> **Requirement**: Your answer must be the data repeated exactly, with no pictures in it.

> **Provided data**:
^^^^^^^^^^^^^^^^
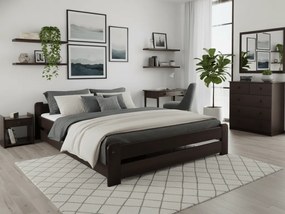 Posteľ Emily 140 x 200 cm, orech Rošt: S latkovým roštom, Matrac: Matrac Somnia 18 cm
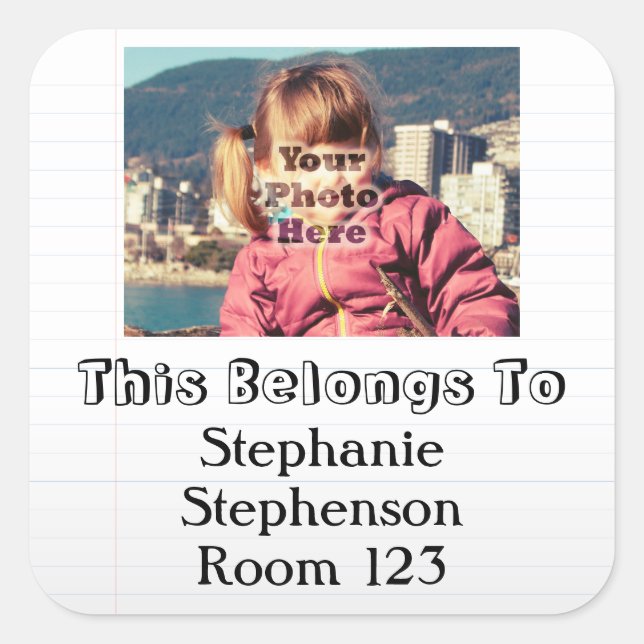 Sticker Carré Photo personnalisée Nom personnalisé Enfants Étiqu (Devant)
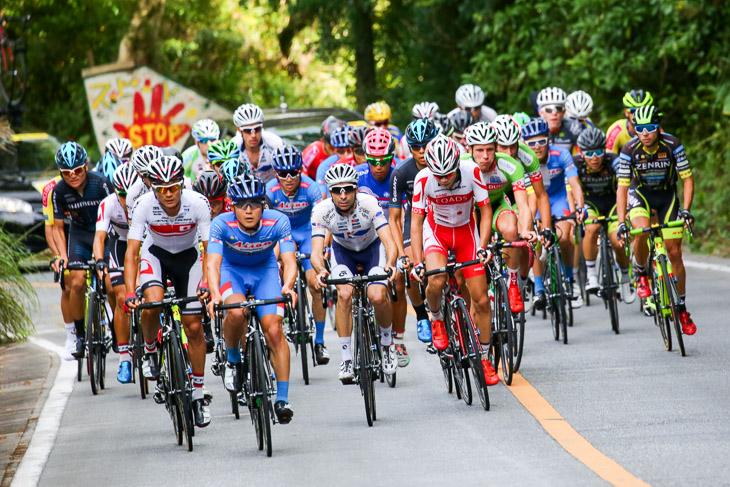 チャンピオン　140km地点、2回の与那上りを終え東海岸へ入った約30人のメイン集団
^^^^^^^^^^^^^^^^
> **Answer to the exercise**:
 Posteľ Emily 140 x 200 cm, orech Rošt: S latkovým roštom, Matrac: Matrac Somnia 18 cm
 Sticker Carré Photo personnalisée Nom personnalisé Enfants Étiqu (Devant)
 チャンピオン　140km地点、2回の与那上りを終え東海岸へ入った約30人のメイン集団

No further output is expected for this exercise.